Saturday, September 7, 2013

Procedure part two

      The minutes swirled away. Henry didn't feel sleepy or hungry. He read his book at a regular pace. You tell yourself when bad things happen you will be this way or you'll do that -- you don't know. His boys were staying with one of Emily's co-workers. They were fine. He was fine. Everything was taken care of. He checked the iPad, his father-in-law had seen the update about Emily going into the OR. He had done all he was supposed to do. It wasn't like that one time when he waited too long to call people. Emily's dad hadn't liked that. He'd gotten on the phone and yelled or whimpered at Emily's sister, who also knew nothing.
        Listen, jack -- you sit here watching the pulse monitor and the blood-ox monitor and you wait quietly while she tries to swim up from the Propofol, telling yourself that just as soon as you know she's close enough to the surface to know how she's doing, when you've let her face be the clock, and her open eyes the hour hands, then you can tell me I waited too long. No news is good news. For a while anyway. . .
        But he couldn't be angry with them.
        He couldn't be angry because the type of cancer she had was a "good" one to get, if you had to get it.
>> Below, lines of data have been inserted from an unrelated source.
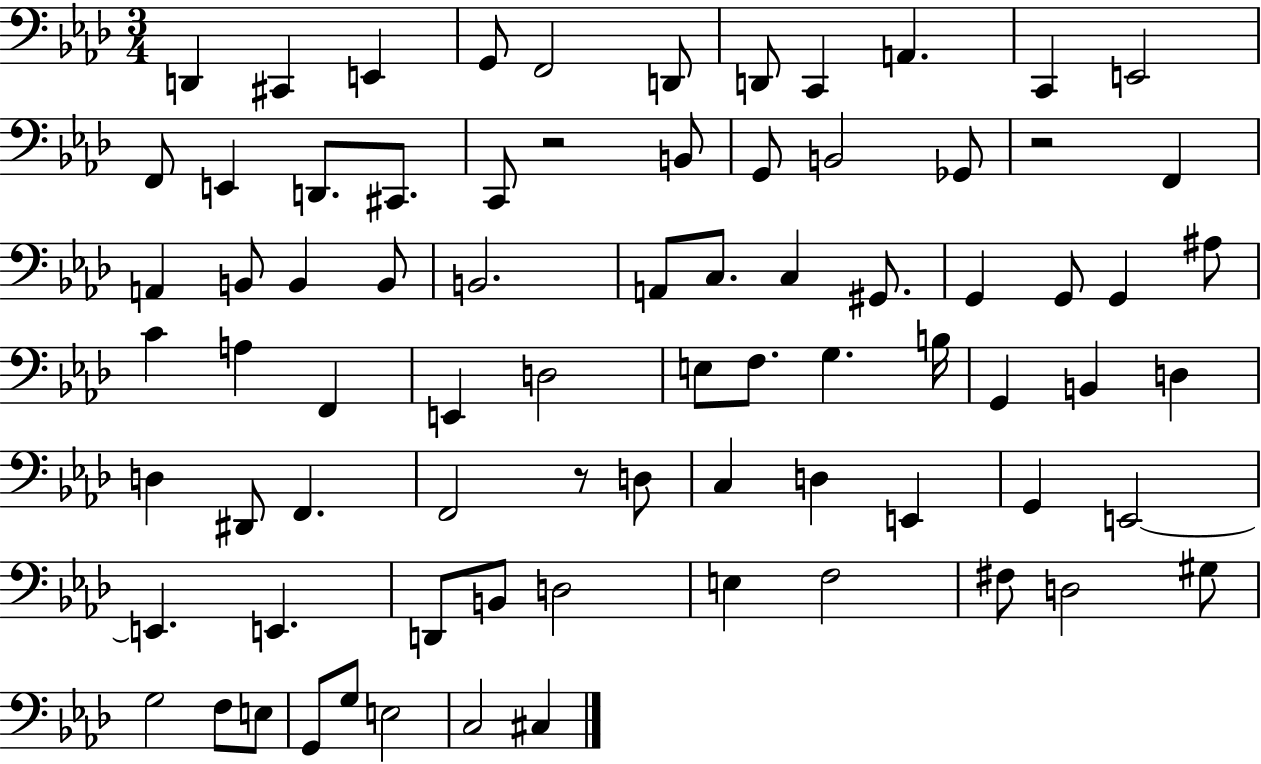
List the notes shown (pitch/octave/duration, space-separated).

D2/q C#2/q E2/q G2/e F2/h D2/e D2/e C2/q A2/q. C2/q E2/h F2/e E2/q D2/e. C#2/e. C2/e R/h B2/e G2/e B2/h Gb2/e R/h F2/q A2/q B2/e B2/q B2/e B2/h. A2/e C3/e. C3/q G#2/e. G2/q G2/e G2/q A#3/e C4/q A3/q F2/q E2/q D3/h E3/e F3/e. G3/q. B3/s G2/q B2/q D3/q D3/q D#2/e F2/q. F2/h R/e D3/e C3/q D3/q E2/q G2/q E2/h E2/q. E2/q. D2/e B2/e D3/h E3/q F3/h F#3/e D3/h G#3/e G3/h F3/e E3/e G2/e G3/e E3/h C3/h C#3/q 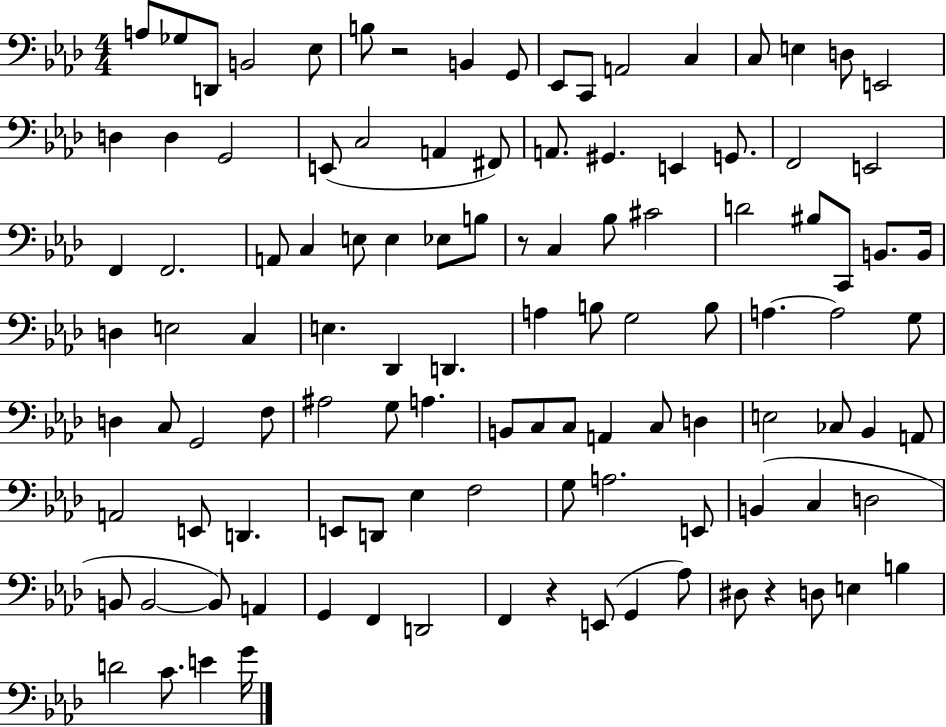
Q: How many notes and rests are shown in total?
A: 111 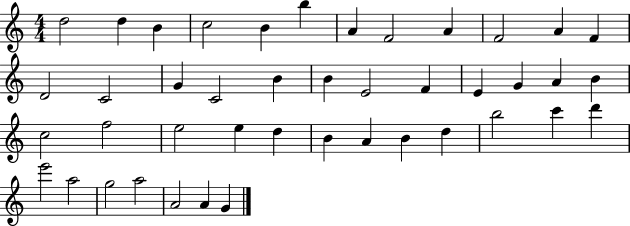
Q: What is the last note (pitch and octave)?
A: G4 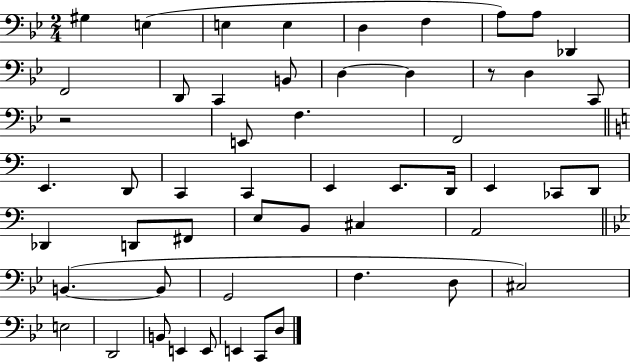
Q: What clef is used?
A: bass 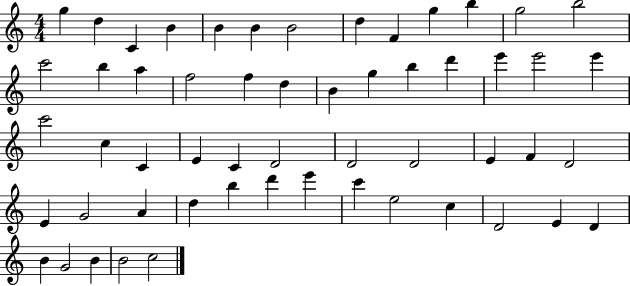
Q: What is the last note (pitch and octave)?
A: C5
And the universe said they did. They had gotten it together and thank God it wasn't a bad kind. Another teacher that Emily had worked with was fighting against metastatic melanoma at that very minute. That was all over but the dying. Emily was going to survive.
         He couldn't be angry with his father-in-law because Emily's mother had dropped dead. Sixty-five years old. She had made it through Emily's first operation to take out the breast tumor. Then a week later she had collapsed. The EMTs came but it took them too long to get her heart going again. The next morning she was pronounced dead.
         Death is always pronounced. And profound.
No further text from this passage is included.